Along with the Texas League, there have been many baseball leagues that briefly existed in Texas or included at least one team from the Lone Star State such as: Lone Star Colored League of Texas, Negro American League, Colored Texas League, Texas Negro League, Texas-Oklahoma Negro League, South Texas Negro League, West Texas Negro League, Mexican National League, Central Baseball League, American Association, All-American Association, South Central League, Arkansas State League, Cotton States League, Rio Grande Valley League, Rio Grande Association, Southwestern League, Panhandle-Pecos Valley League, Longhorn League, North Texas League, West Texas–New Mexico League, Sooner State League, Arizona–Texas League, Lone Star League, Big State League, Gulf States League, East Texas League, Texas Association, Arkansas–Texas League, West Texas League, South Texas League, Middle Texas League, Central Texas League, Texas-Southern League, Texas–Louisiana League, Texas Valley League, Texas–Oklahoma League, Southwest Texas League, Evangeline League, West Dixie League, Gulf Coast League, Western Association, Texas Winter League, United League Baseball, Continental Baseball League, and Sophomore League. In addition to MLB and the Texas League, present-day teams compete in the Pacific Coast League, the Atlantic League of Professional Baseball, the Pecos League, and the American Association of Independent Professional Baseball.

== Amateur baseball ==

=== College baseball ===
College baseball also has been a staple of Texas culture, and Texas collegiate baseball programs can be found throughout the different levels of college athletics. NCAA Division I conferences that currently include Texas teams are the American Athletic Conference, Big 12 Conference, Conference USA, Missouri Valley Conference, Southeastern Conference, Southland Conference, Southwestern Athletic Conference, Sun Belt Conference, and Western Athletic Conference.
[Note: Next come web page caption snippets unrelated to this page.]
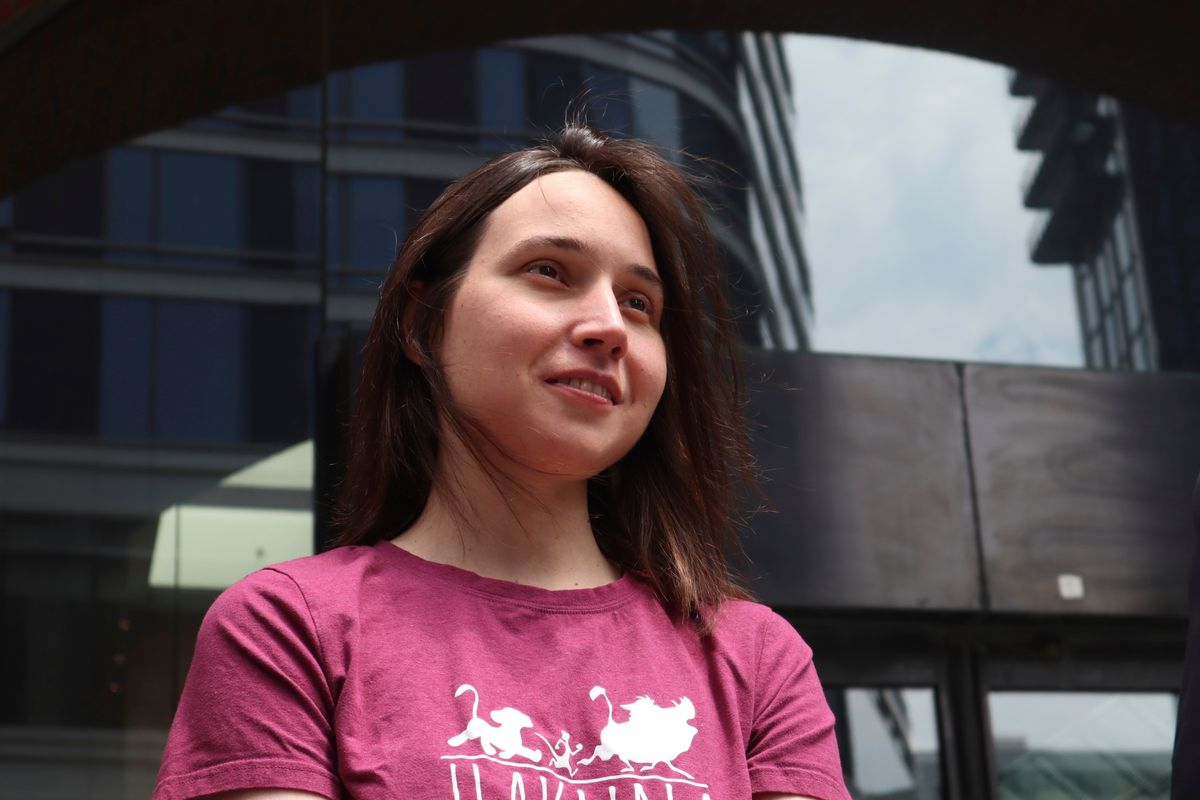 FrogVisa-Z3OHOHNUL2KXEWP3JWHBDRB6UM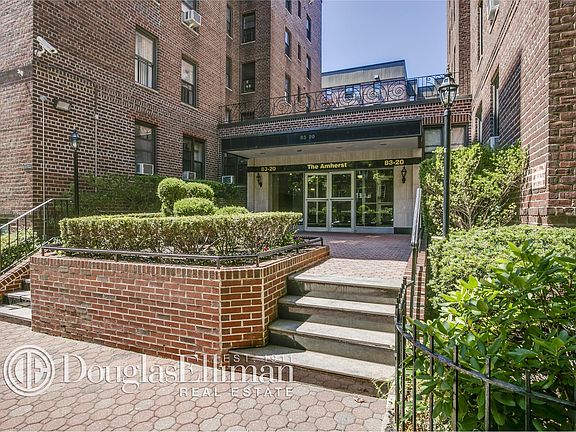 2nd image of 8320 141st St APT 4C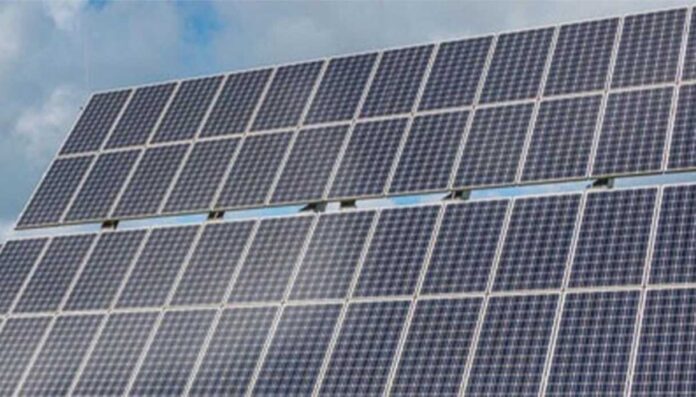 La dimensione umana, sociale e consumeristica dell’energia condivisa La dimensione umana, sociale e consumeristica dell’energia condivisa
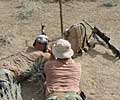 International Tactical Rifleman Championship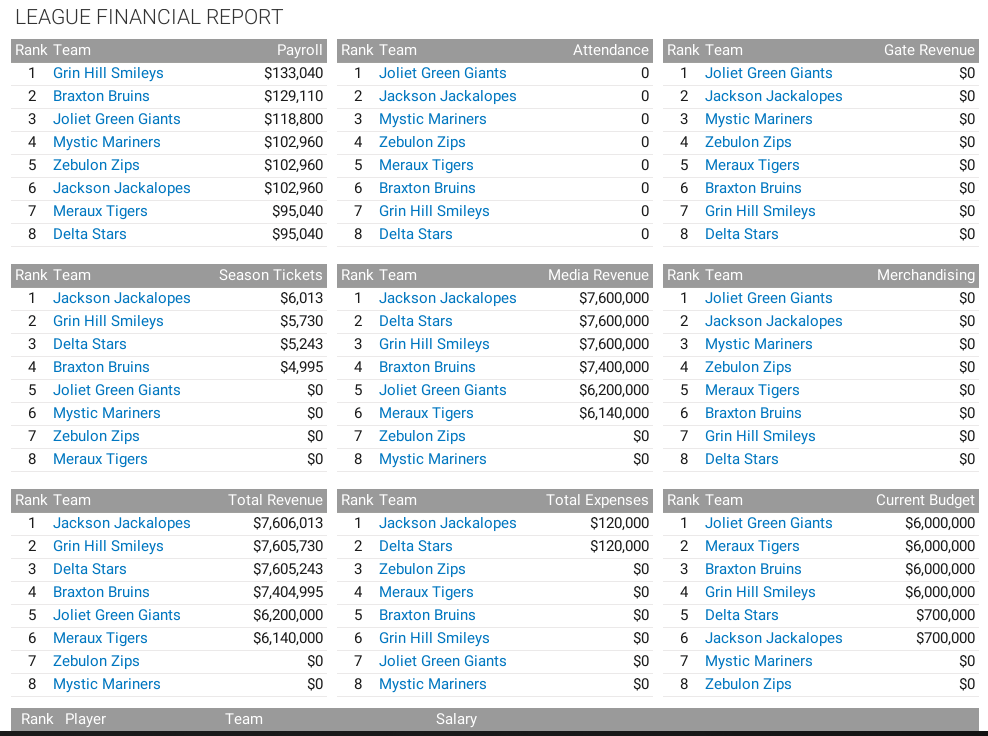 Name:  SCREENSHOT 2.png
Views: 212
Size:  122.6 KB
Many of the major programs (Baylor, Houston, Rice, Southern Methodist (SMU), Texas, Texas A&M, Texas Christian (TCU), and Texas Tech) previously all played together in the Southwest Conference (SWC). SMU ended its baseball program in 1980, and the SWC dissolved in 1996.

Other conferences that include one or more Texas collegiate baseball programs are the Heartland Conference, Lone Star Conference, American Southwest Conference, Southern Collegiate Athletic Conference, Red River Athletic Conference, Sooner Athletic Conference, Southwest Junior College Conference, Texas Intercollegiate Athletic Association, Western Junior College Athletic Conference, and NAIA independent schools (University of Houston–Victoria).

Texas has some intense in-state rivalries such as the Battle of the Brazos between Texas A&M and Baylor University, Houston-Rice rivalry, the Holy War between Baylor and TCU, Battle of the Piney Woods between Sam Houston State and Stephen F. Austin State University, and the Lone Star Showdown between the Texas Longhorns and Texas A&M Aggies. Other in-state rivalries include Sam Houston State-Rice, Texas-Rice, Texas State-Rice, Texas State-University of Texas at San Antonio, Texas Tech-Baylor, Texas-Texas Tech, Texas Tech-Texas A&M, Texas-Baylor, Sam Houston State-Houston, Texas Southern-Prairie View A&M, St. Mary's-University of the Incarnate Word, Dallas Baptist-Houston Baptist as well as other esoteric rivalries.

Tournaments, like the Southwest Diamond Classic in Frisco, Texas, Whataburger College Classic in Corpus Christi, Texas, and Houston College Classic played at Daikin Park, take place in late February because of the more convenient, warmer weather.